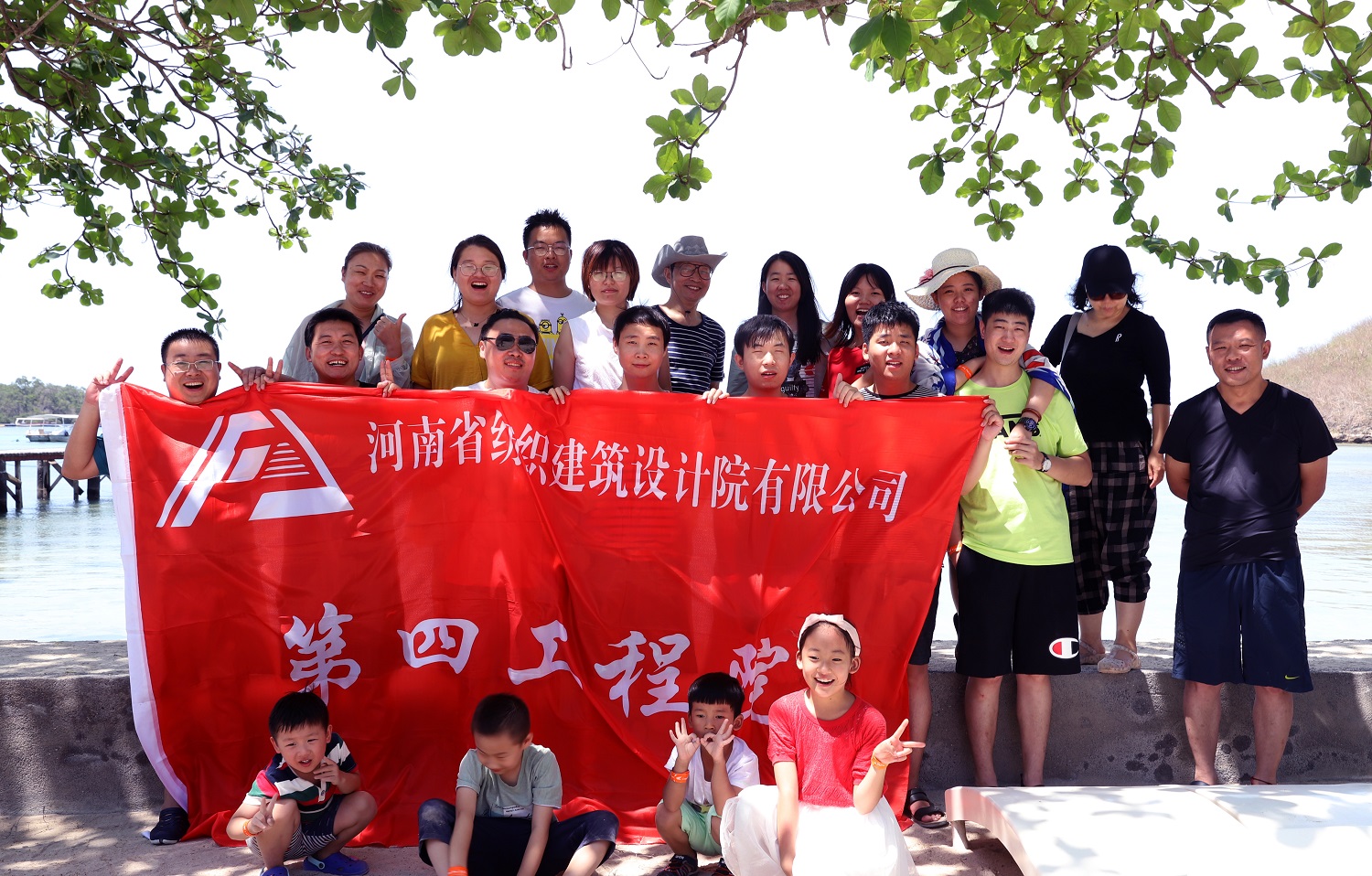 四九图库澳门49图库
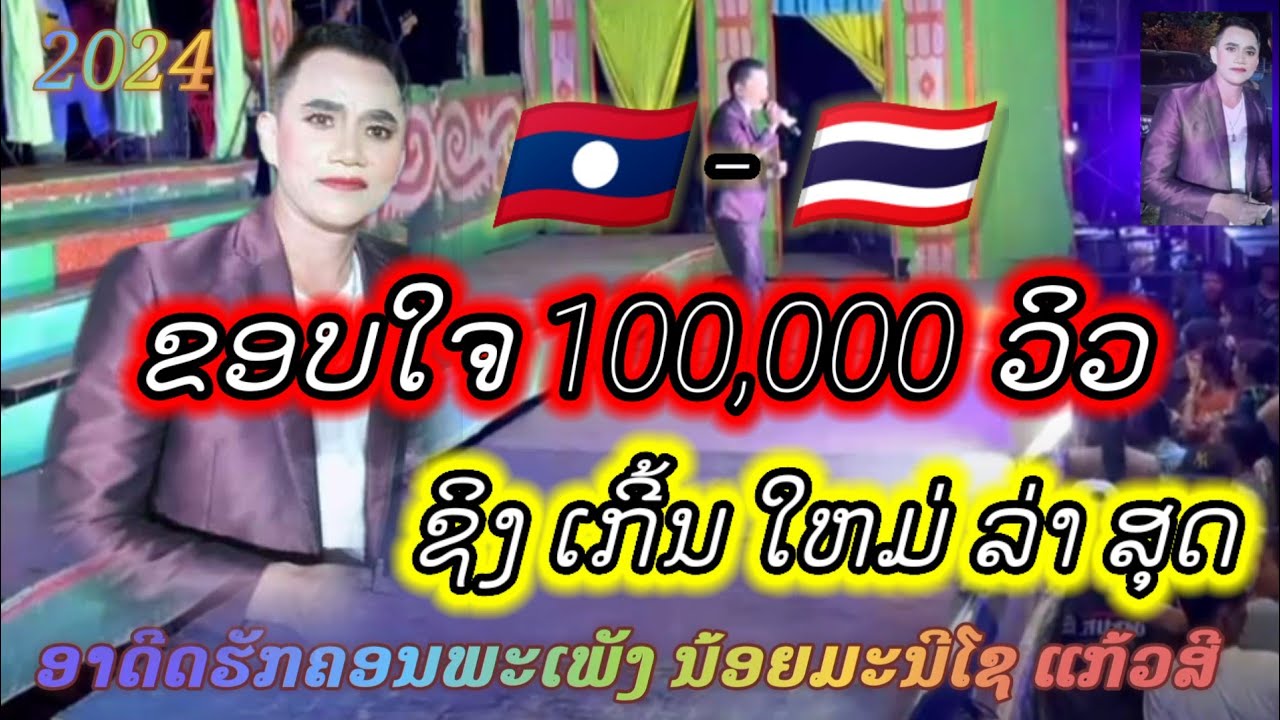ອາດີດຮັກຄອນພະເພັງ ນ້ອຍມະນີໂຊ ແກ້ວສີ อาดีดฮักคอนพะเพ็ง น้อยมะนีโช แก้วสี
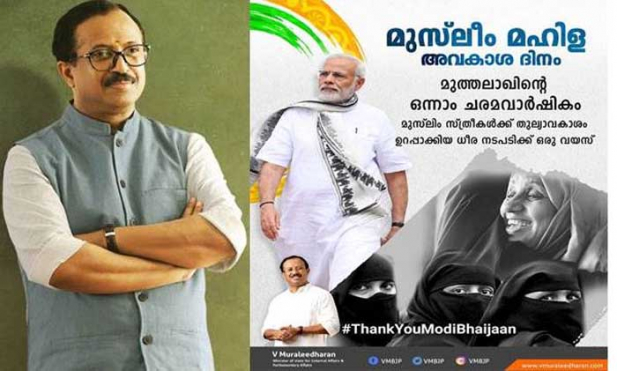 മുത്തലാഖ് നിരോധന നിയമം കൊണ്ടുവന്നിട്ട് ഇന്ന് ഒരു വർഷം; ഇത് മുസ്ലിം സമുദായത്തിലെ സ്ത്രീകളുടെ ആത്മാഭിമാനം ഉയർത്തുന്നതിനുള്ള ചരിത്രപരമായ തീരുമാനം; മുസ്ലിം മഹിള അവകാശ ദിനമായി ആചരിക്കുന്നുവെന്ന് വി.മുരളീധരൻ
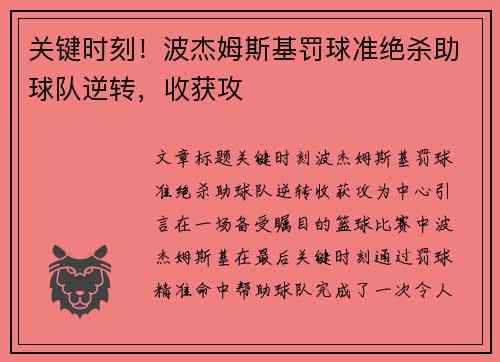 关键时刻！波杰姆斯基罚球准绝杀助球队逆转，收获攻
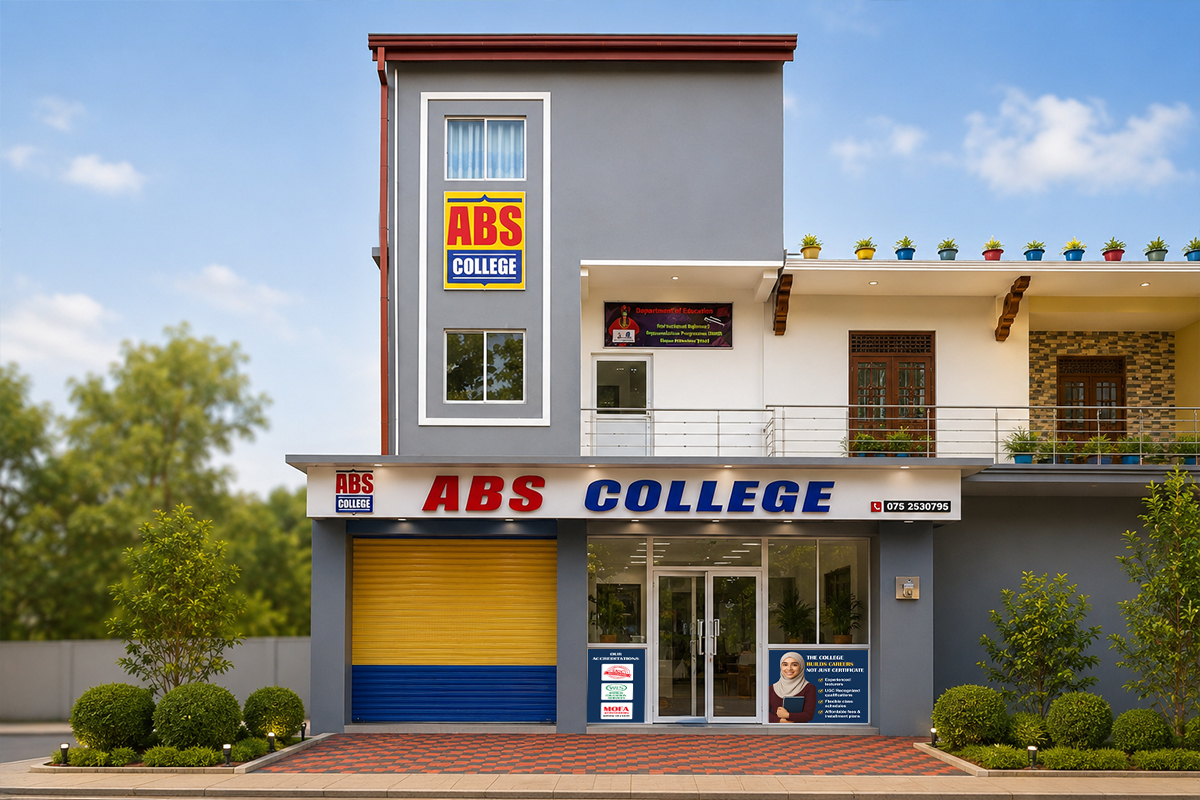 ABS College Banner 2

□ □ □ □

The line with "ອາດີດຮັກຄອນພະເພັງ ນ້ອຍມະນີໂຊ ແກ້ວສີ" and each line after it, through the final line of the data, are to be duplicated exactly, with pictures left out and nothing more included.

Completed exercise |
ອາດີດຮັກຄອນພະເພັງ ນ້ອຍມະນີໂຊ ແກ້ວສີ อาดีดฮักคอนพะเพ็ง น้อยมะนีโช แก้วสี
 മുത്തലാഖ് നിരോധന നിയമം കൊണ്ടുവന്നിട്ട് ഇന്ന് ഒരു വർഷം; ഇത് മുസ്ലിം സമുദായത്തിലെ സ്ത്രീകളുടെ ആത്മാഭിമാനം ഉയർത്തുന്നതിനുള്ള ചരിത്രപരമായ തീരുമാനം; മുസ്ലിം മഹിള അവകാശ ദിനമായി ആചരിക്കുന്നുവെന്ന് വി.മുരളീധരൻ
 关键时刻！波杰姆斯基罚球准绝杀助球队逆转，收获攻
 ABS College Banner 2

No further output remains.